The current tax code is comprised of 74,608 unreadable and too often undecipherable legalistic pages, or over 10,000 words. Most novels you might read, just for example, run about 200 to 300 pages (62,500 words). This has to change! There are several popular possibilities from Flat Tax to National Sales Tax plans, all of which have some merit but also some detriments, and each runs the risk of rates being raised in the future at the whim of Congress. For personal income tax reform, President Trump seeks to cut taxes and simplify the tax structure by condensing the seven tax brackets we currently have into just three tax brackets. I agree with that approach and would help to push for that plan if momentum in DC lags over the next year. I would like to see the income thresholds for single taxpayers be exactly half of those for married joint filers, thereby eliminating the marriage penalty.

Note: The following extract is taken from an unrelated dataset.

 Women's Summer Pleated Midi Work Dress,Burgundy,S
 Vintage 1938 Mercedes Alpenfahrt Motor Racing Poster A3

A 3 level plan to consider would be as follows:
12% tax rate for those making:
$ 15,000 to $37,500 for Singles
$ 30,999 to $ 75,000 for Married
25% tax rate for those making:
$ 37,500 to $112,500 for Singles
$ 75,000 to $ 225,000 for Married
33% tax rate for those making:
$112,500 for Singles
$ 225,000 and above for Married
Note that just as the current tax brackets do, these income ranges are referring to taxable income, and the calculation of it (as the administration's website sites) would surely change considerably if President Trump's plan were to be implemented. For one thing, I agree that the standard deduction should double to $15,000 (single) and $30,000 (married), from the current levels of $6,350 and $12,700, respectively, thereby helping lower income workers.
President Trump seeks to expand tax benefits for families, including a larger allowable deduction for child care expenses that could be taken whether a taxpayer itemizes or not, and would also be allowed for up to four children (the current law only allows for two children). President Trump is wise to conduct tax reductions piecemeal. This is a start. We must lower personal income taxes and provide a code actually capable of being understood, not requiring a team of lawyers to sort through.